BEN DODD; SEARCH AND RENEWAL
Ben Dodd is fine evidence that a 'Leachian school' is alive and well in Britain. He is part of a younger generation of Leach-influenced potters, a small but strong group who are adding something significant to a European-Oriental language in studio ceramics. Ben has clay in his blood. He is, after all, the son of the potter Mike Dodd, which might prove a hard act to follow, except that Ben is clearly his own man. While he is part of the same Leach lineage, and has learnt so much from Mike, there is no mistaking his own very individual response to a philosophy of making pots rooted in the direct collection and processing of natural materials. One that focusses the acts of eating and drinking, and provides an everyday sculpture too, beautiful forms that give life to our rooms and spaces.
Ben has pursued other avenues of work in his time, more recently to sustain his work in the studio. Most notably this has included his continuing commitment as a teacher of pottery, which far from being disruptive, has allowed Ben to keep his hand in, adding its own rhythm to the creative schedule of his work, one no doubt feeding into the other. The hours he puts in have certainly paid dividends as he experiments and plays with new variations of shape, surface and coloration. You can distinguish a Ben Dodd pot from the outset - bowls of various size, yunomi's, cups, bottles and vases, platters and covered dishes. He makes most forms, embellished perhaps with his individual impressed (or paddled) decoration, along with incising, brushing and broad cutting which is always crisp and succinct. He knows when to avoid overload, so there is a welcome reticence of design and surface treatment, allowing the quiet confidence of his shapes, slips and glazes to speak for themselves. He explores a range of ashes, sometimes augmented by irons, granites and basalts. Slips add depth and character. Glazes gather generously in the carving and indents of a pot’s contours. Brevity is certainly the key, whether it is the finger wipes through tenmoku or, using a hakeme brush, his rapid gestural marking through clay slip.
Ben rightly regards his particular hakeme work as a hallmark, sometimes using an unusual and successful upward brush movement on bowls and bottles that gives them a quite different dynamic, completing the sense of integration between slip and underlying body. His spontaneous brushing is effective on dishes too, succinctly abstract but also evoking natural textures in the landscape. His other signature pieces include covetable yunomi’s and sake cups. Free cut-siding on satisfyingly chunky shapes makes them particularly tactile and good in the hand, the weight just right. The textured vases are among his father’s most recognisable pieces, but Ben has made them his own too, with his variations of profile and detail. Here, looking at his nuka glazes running down over the drier surfaces, the sense of fresh flood covering a droughted riverbed came to my mind. Indeed this is one of the aspects that defines his glazing, the thoughtful combinations of the liquid and the matt, as well as the nuances of coloration derived from his choice of minerals.
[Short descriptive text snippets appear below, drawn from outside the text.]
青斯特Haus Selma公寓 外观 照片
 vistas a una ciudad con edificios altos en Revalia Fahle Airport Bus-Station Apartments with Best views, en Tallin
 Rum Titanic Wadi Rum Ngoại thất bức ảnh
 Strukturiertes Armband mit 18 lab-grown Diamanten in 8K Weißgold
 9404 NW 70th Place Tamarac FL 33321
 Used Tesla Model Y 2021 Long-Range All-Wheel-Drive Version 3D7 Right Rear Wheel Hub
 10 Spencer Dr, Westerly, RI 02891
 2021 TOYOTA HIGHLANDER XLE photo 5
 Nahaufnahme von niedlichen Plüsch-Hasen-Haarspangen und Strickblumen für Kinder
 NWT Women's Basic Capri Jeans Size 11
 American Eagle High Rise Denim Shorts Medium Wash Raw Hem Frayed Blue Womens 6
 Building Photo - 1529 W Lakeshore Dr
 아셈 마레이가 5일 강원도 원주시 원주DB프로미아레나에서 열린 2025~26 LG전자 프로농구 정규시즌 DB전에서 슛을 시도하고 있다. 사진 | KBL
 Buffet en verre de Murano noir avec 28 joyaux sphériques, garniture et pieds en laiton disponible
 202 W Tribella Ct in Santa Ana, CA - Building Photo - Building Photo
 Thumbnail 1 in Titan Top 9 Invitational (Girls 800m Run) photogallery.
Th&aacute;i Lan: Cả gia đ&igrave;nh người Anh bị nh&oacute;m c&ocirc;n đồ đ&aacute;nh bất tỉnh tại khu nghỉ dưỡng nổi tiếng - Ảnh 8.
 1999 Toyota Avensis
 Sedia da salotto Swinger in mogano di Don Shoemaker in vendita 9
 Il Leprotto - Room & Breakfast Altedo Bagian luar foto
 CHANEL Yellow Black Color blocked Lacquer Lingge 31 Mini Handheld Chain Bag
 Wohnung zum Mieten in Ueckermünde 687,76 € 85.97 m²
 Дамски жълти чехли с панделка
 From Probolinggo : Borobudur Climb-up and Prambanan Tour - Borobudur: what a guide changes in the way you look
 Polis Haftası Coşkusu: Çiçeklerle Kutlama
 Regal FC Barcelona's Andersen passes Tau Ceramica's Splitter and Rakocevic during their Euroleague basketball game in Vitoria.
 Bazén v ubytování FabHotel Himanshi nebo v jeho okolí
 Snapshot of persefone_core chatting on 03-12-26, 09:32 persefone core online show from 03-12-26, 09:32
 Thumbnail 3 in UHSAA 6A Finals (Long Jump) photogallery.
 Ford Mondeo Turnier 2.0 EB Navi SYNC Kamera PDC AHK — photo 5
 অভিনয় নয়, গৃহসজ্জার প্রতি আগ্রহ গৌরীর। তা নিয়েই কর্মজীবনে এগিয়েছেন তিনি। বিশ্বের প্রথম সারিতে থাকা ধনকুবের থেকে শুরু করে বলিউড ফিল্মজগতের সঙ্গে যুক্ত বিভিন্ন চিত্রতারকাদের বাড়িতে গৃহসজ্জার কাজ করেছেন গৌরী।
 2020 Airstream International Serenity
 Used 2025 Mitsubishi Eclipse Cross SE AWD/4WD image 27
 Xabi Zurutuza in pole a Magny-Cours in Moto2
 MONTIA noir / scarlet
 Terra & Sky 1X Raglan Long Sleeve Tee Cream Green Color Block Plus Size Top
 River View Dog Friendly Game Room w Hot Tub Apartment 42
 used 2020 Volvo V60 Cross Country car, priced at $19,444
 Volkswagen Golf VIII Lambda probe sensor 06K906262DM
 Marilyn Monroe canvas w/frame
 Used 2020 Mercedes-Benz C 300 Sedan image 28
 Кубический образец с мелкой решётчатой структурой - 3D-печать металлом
Following his work over the past few years, we have seen how much he has developed as a potter, and how the many hours he is putting in has brought its own fluidity, a kind of relaxation and a freer hand which only continuous practice can give. I have to be honest and say that much so-called ’traditional’ pottery being produced now leaves me flat, there is comparatively little that really excites. It follows a derivative routine. But Ben Dodd is proving to be different, because there is always a sense of search and freshness here, and surprises too, making one realise just how much the Leach-Hamada aesthetic still has to say.